Pour mieux comprendre le rapport des Japonais à leur environnement, il faut aussi l'examiner à la lumière du shintoïsme et du bouddhisme. Le shintoïsme célèbre la communion avec la nature, les divinités vénérées qui ont pour habitat les sources, montagnes ou rochers. Le bouddhisme quant à lui enseigne à ne pas s'attacher aux choses, mettant en avant l'impermanence. Le Hanami, coutume japonaise d'apprécier la beauté des arbres en fleurs au printemps, illustre cette attitude de contempler le côté éphémère de la vie, à l'image de cette extrême beauté que le moindre souffle de vent peut dissiper. Cet apprentissage du détachement permet d'accepter les aléas et d'aller de l'avant. Au XIIe siècle, Kamo no Chômei écrivait dans Notes de ma cabane de moine : « La même rivière coule sans arrêt, mais ce n'est jamais la même eau. De-ci, de-là, sur les surfaces tranquilles, des taches d'écume apparaissent, disparaissent, sans jamais s'attarder longtemps. Il en est de même des hommes ici-bas et de leurs habitations. » Ainsi Tokyo a-t-elle été détruite et reconstruite à plusieurs reprises pendant son histoire, comme lors du séisme et de l'incendie de 1923, puis pendant les bombardements de la Seconde Guerre mondiale. Les Japonais vivent aujourd’hui dans l'attente du « big one » un séisme de très forte magnitude qui pourrait frapper Tokyo dans les trente années à venir.

Quand le développement brutalise la nature

L'économie a également contribué à façonner le rapport des Japonais à leur environnement. Avec l'ère Meiji, au XIXe siècle, se met en place une industrialisation qui se traduit par un rapport de destruction et de prédation de la nature, qui se poursuit de manière accélérée après la Seconde Guerre mondiale. Les littoraux sont aménagés de vastes complexes industriels. Tokyo a ainsi sacrifié son littoral au profit du développement de son port et de l'aéroport d'Haneda. Le déclin de la biodiversité peut s'illustrer avec la baisse des populations de lucioles. La fragmentation de leur habitat et les pollutions agricoles sont les principaux facteurs de ce déclin, avec le commerce dont elles sont victimes, pour les transporter dans les jardins de restaurants et d’hôtels.

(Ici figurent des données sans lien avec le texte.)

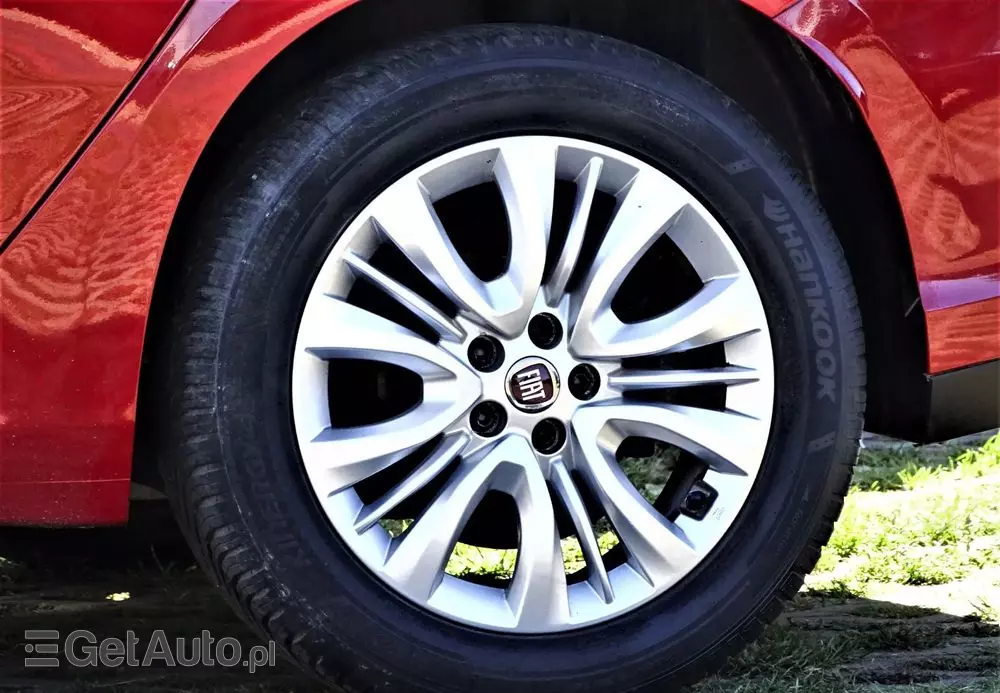 FIAT Tipo 1.6 MultiJet 16v Lounge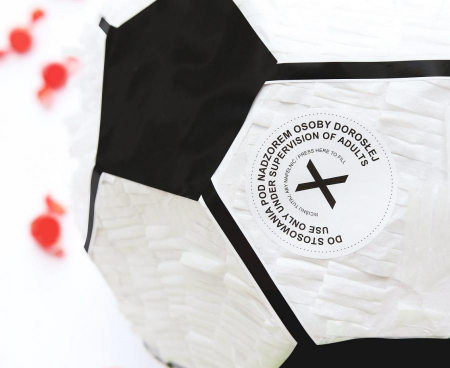 Pinata Minge Fotbal [2]
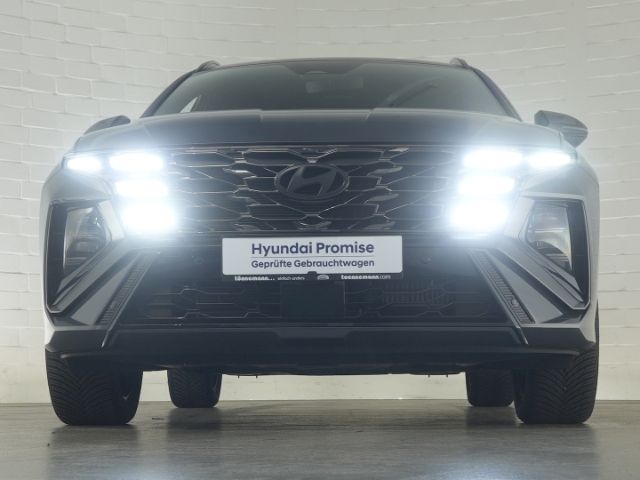 Tucson FACELIFT PHEV N-LINE 4WD AT+LED MATRIX+NA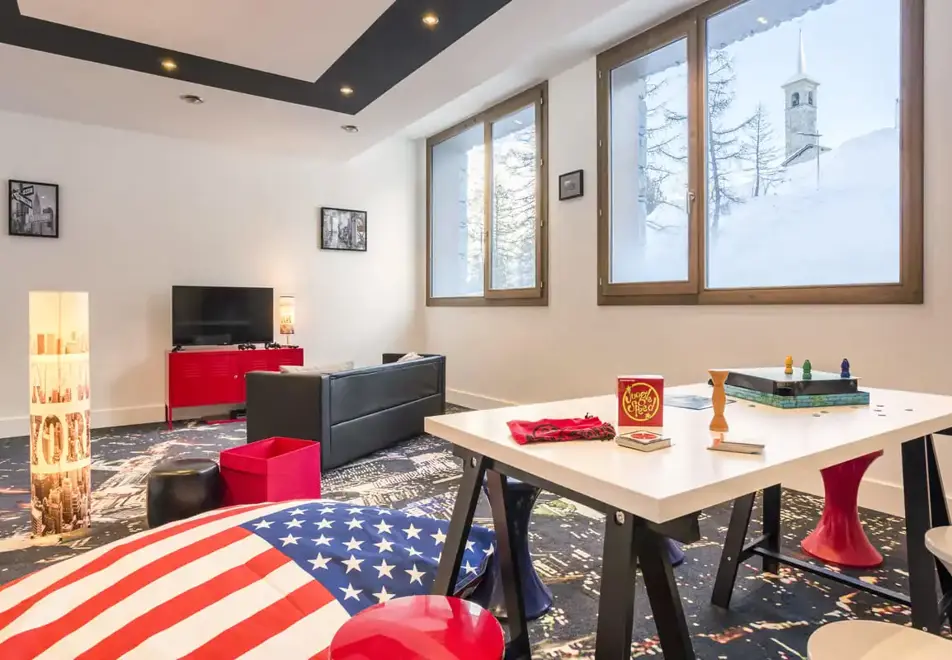 Altaviva, Tignes 1800 (self catered apartments) (©MReyboz) - Le Squat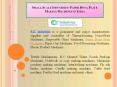 Small Scale Industries- Paper Dona Plate Making Machines in India (1) PowerPoint PPT Presentation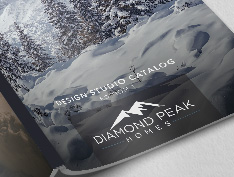 Diamond Peak Homes Catalog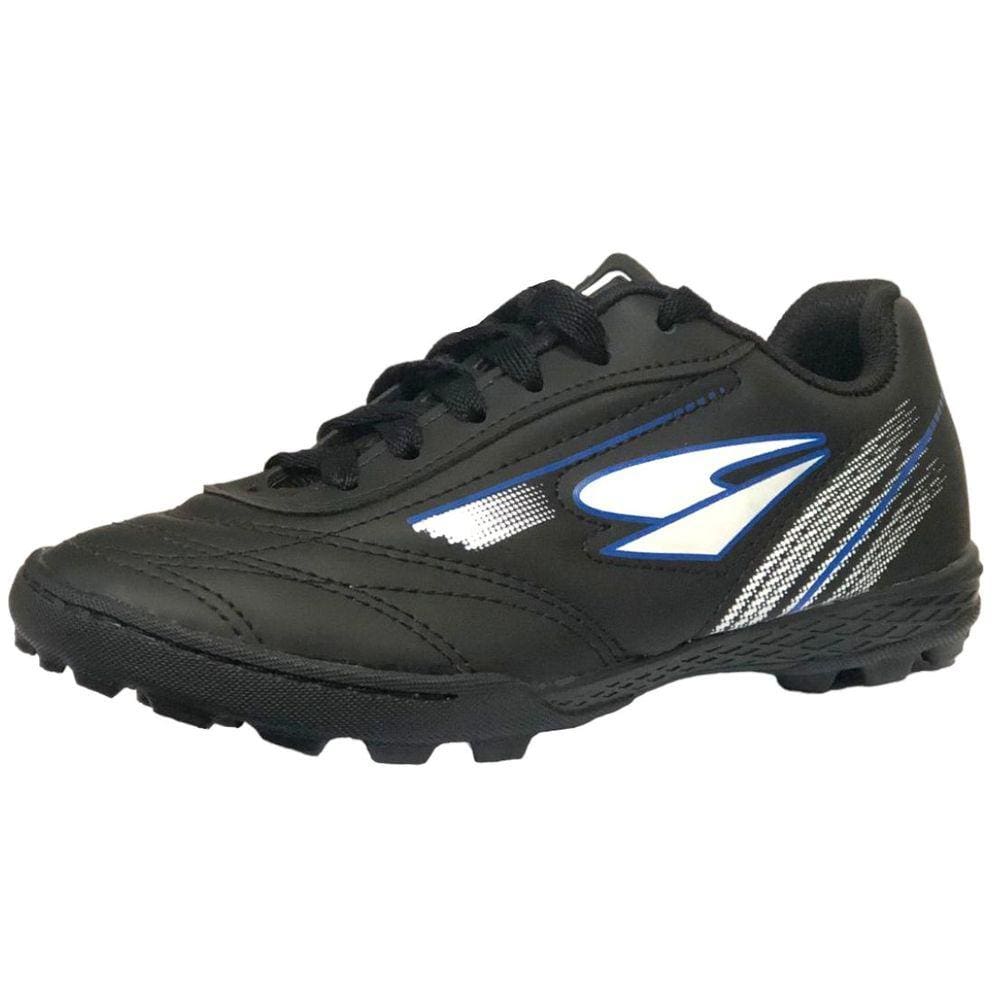 Chuteira Society Menino Infantojuvenil Dray Kids 324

Les jardins japonais ou la nature créée par l'homme

Les jardins japonais relèvent d'une construction intellectuelle. La terre et l'eau constituent autant d'éléments symboliques, représentés par les étangs, que le visiteur peut contempler ou autour duquel il peut cheminer. Extrêmement travaillés, révélant une grande sensibilité et une esthétique à chaque saison, ils sont avant tout la projection d'un paradis. Les jardins zen ou jardins secs, presque exclusivement minéraux, sont des espaces qui invitent à la méditation. Le voyageur en visite à Tokyo et surtout Kyoto n'aura que l'embarras du choix pour s'immerger dans l'ambiance des jardins japonais. On estime à plus de 300 les jardins de monastères de l'ancienne capitale !

Jardin du temple Ryoan-ji : il s'agit d'un jardin zen (karesansui ) invitant à la méditation.

Jardin du Temple Ginkaku-ji (Pavillon d'Argent) : il abrite un jardin sec (dit « Mer de sable argenté ») et un jardin de mousse, composé d’étangs, ponts, petits ruisseaux et végétaux.

Jardin du Temple de Saiho-ji surnommé le « Temple de Mousse » : ce jardin coloré vous entraîne dans un parcours circulaire autour de « l'étang d'or ».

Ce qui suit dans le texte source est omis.